= Problem =
Without the images, repeat every line of the listing verbatim.

:::::

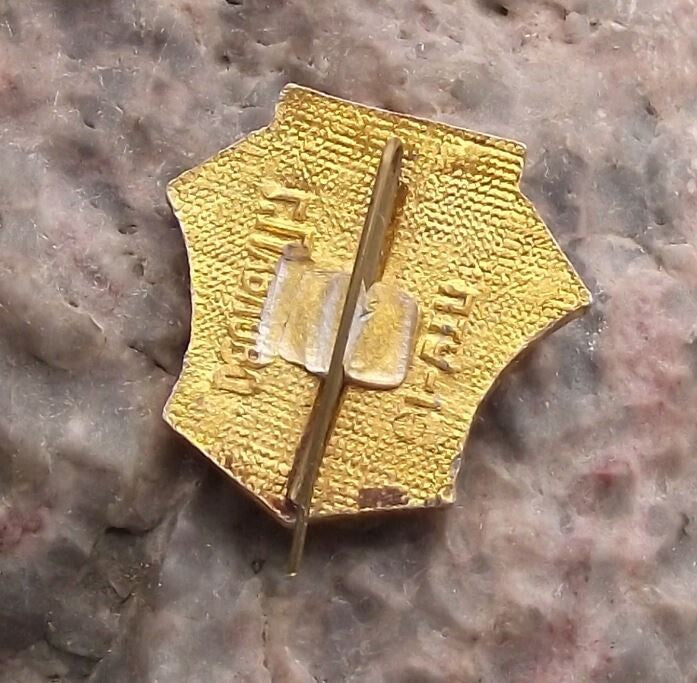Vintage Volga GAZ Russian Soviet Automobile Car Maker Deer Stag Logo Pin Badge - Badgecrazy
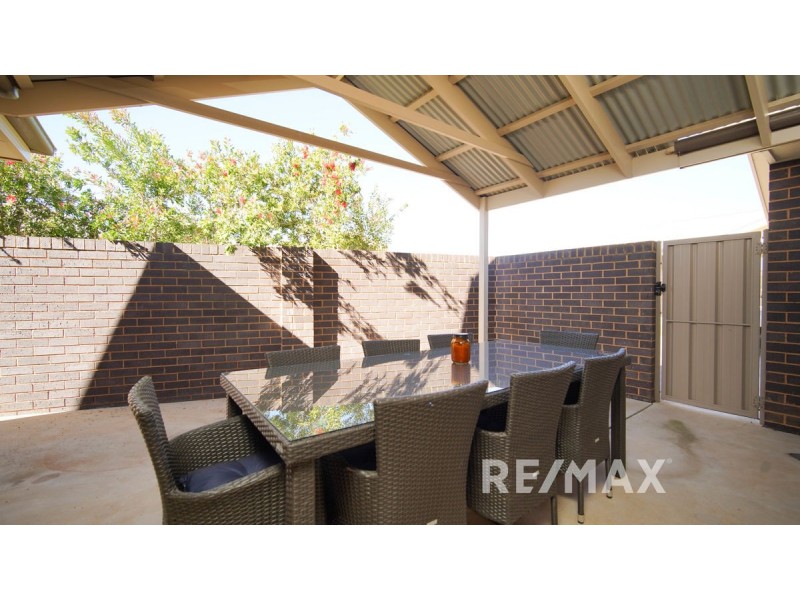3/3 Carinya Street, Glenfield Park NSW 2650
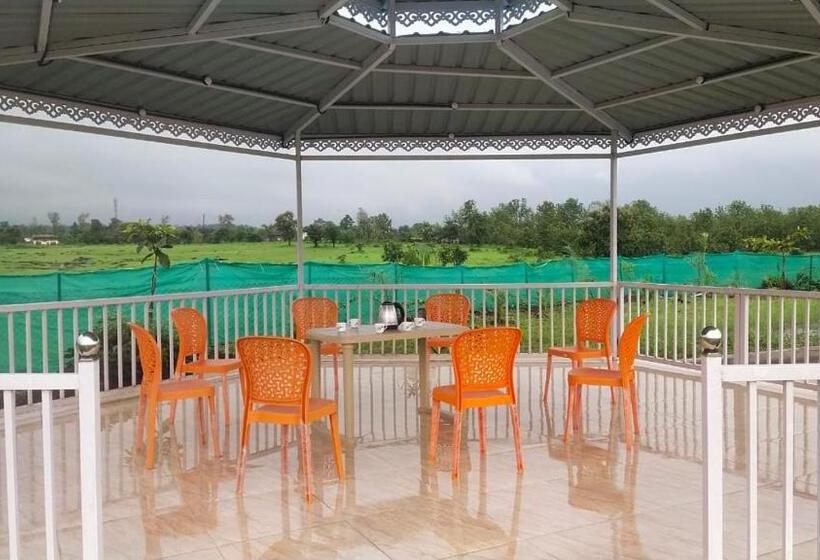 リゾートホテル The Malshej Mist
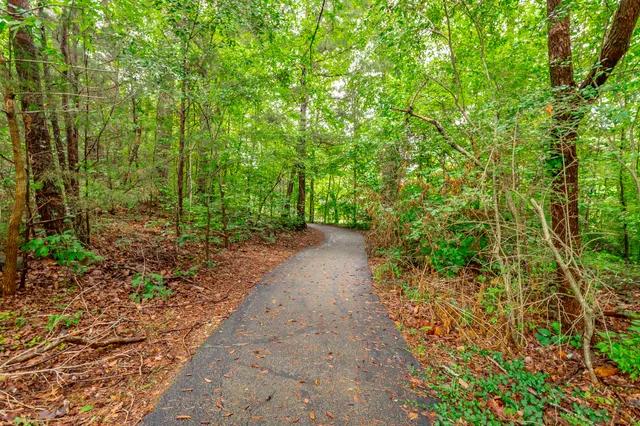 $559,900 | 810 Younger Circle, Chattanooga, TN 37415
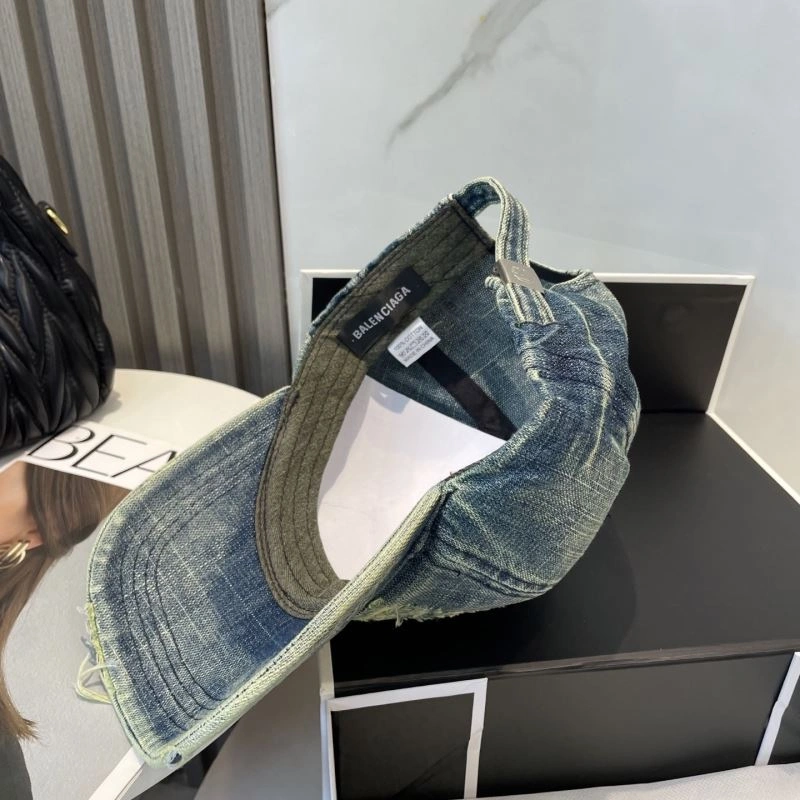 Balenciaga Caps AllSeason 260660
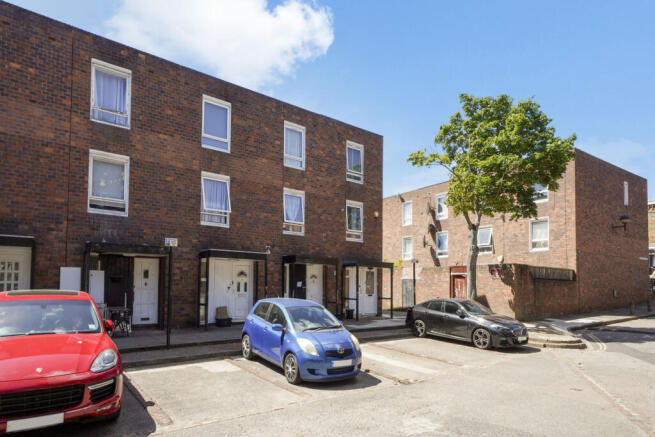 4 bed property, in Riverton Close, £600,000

:::::

= Task answer =
Vintage Volga GAZ Russian Soviet Automobile Car Maker Deer Stag Logo Pin Badge - Badgecrazy
3/3 Carinya Street, Glenfield Park NSW 2650
 リゾートホテル The Malshej Mist
 $559,900 | 810 Younger Circle, Chattanooga, TN 37415
 Balenciaga Caps AllSeason 260660
 4 bed property, in Riverton Close, £600,000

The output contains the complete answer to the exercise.